桂林回族の清真寺(モスク)




 
   桂林には約9000人の回族の人々が暮らしており、その信仰に所属する清真寺(モスク)は、崇善路清真寺、馬坪街清真寺などの14か所が挙げられ、1100年ほど前に中国北方から移動してきたイスラム教を信仰する回族の人々が宗教活動を行う場所です。特にイスラム教の三大祭日である断食明けの日、犠牲祭、聖記祭に必ず利用する聖地となっています。

   長い歴史の変遷の中、桂林にあるこれらの清真寺は幾度かの改築を重ね、歴代の政府と地方有力者の支援により、昔の風貌を保ちながら、現在まで息付いてきました。建築様式は中国式やアラビア式のものと両者を融合した建物があります。
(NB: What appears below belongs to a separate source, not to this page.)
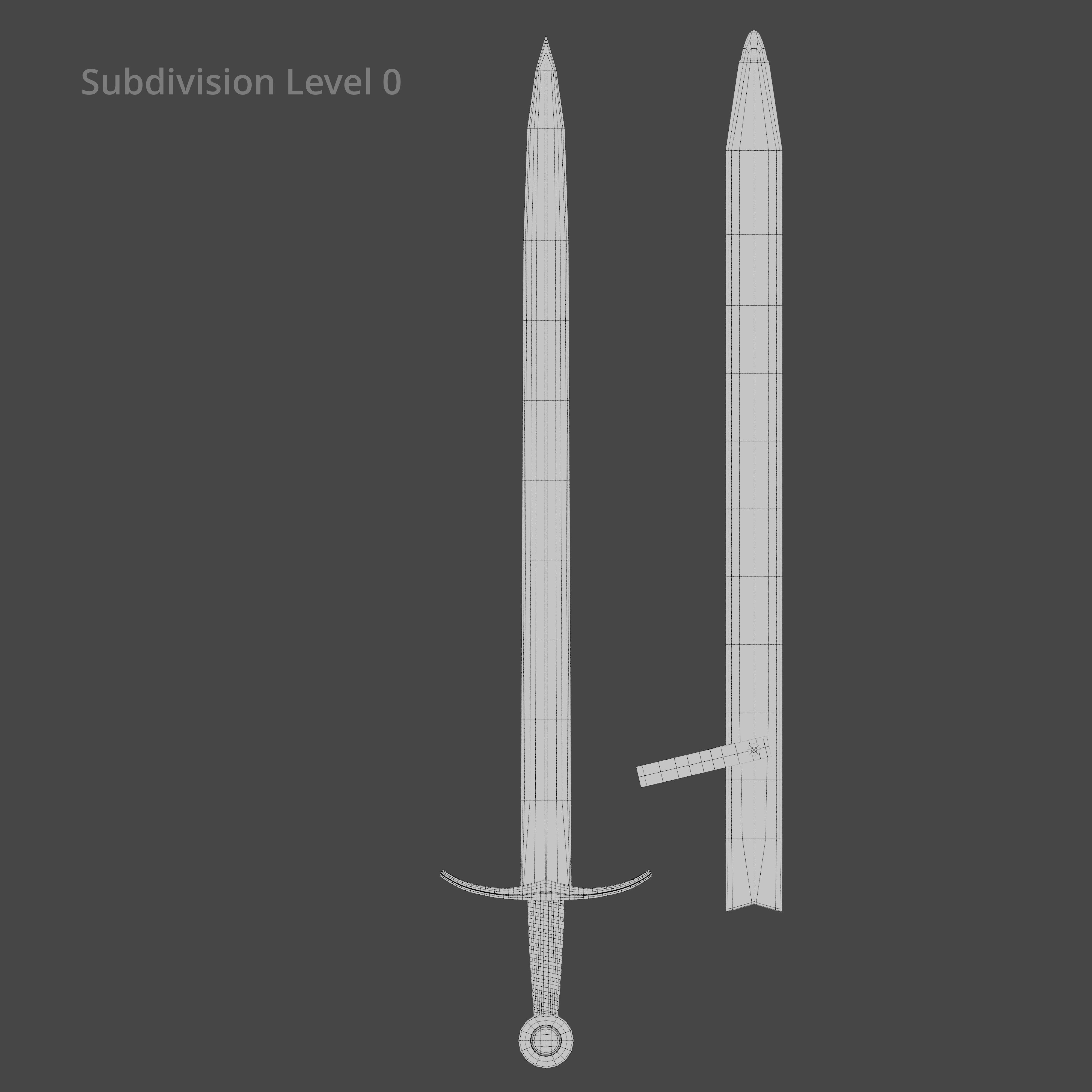 Collection medieval swords 01-05 plus old textures and sheaths 3D model_49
   清真寺はイスラム文化の象徴であり、ムスリム達がアラーに忠誠心を誓う場所であり、精神的な拠り所でもあります。桂林の最も有名な清真寺は崇善路にあり、西に背を向け東に面している構図で、敷地面積は約1218㎡にも及びます。もともと地元の回族の人々が出資し清の乾隆時代に竣工したもので、中国の伝統建築の特徴とアラビア建築様式を兼ね備えています。壁がすべて青煉瓦で出来ており、玄関に入ると、白い壁に「清真寺」という三文字が力強く刻まれ、清真寺の厳かさを窺わせています。建物内は三つの門で分かれ、中庭が配置されています。南北に並ぶ廂は、歴代の布教者が授業とコーランを教える所で、南の廂には礼拝をする前に沐浴をする池があり、その対称に北の廂には葬儀に使う公共の棺が置かれています。母屋は本殿にありアラーを祭る場所で、その屋根に直径2.5mの丸屋根が造られています。西の壁には赤い下地に金色のアラビア語で書いている「コーラン」がはめられています。ムスリム達の礼拝に使われる本殿は綺麗に掃除され、整然としています。清真寺の庭には、四季折々に咲く花と朱塗りの柱があり、清真寺ならではの宗教色彩を際立たせていることが分かります。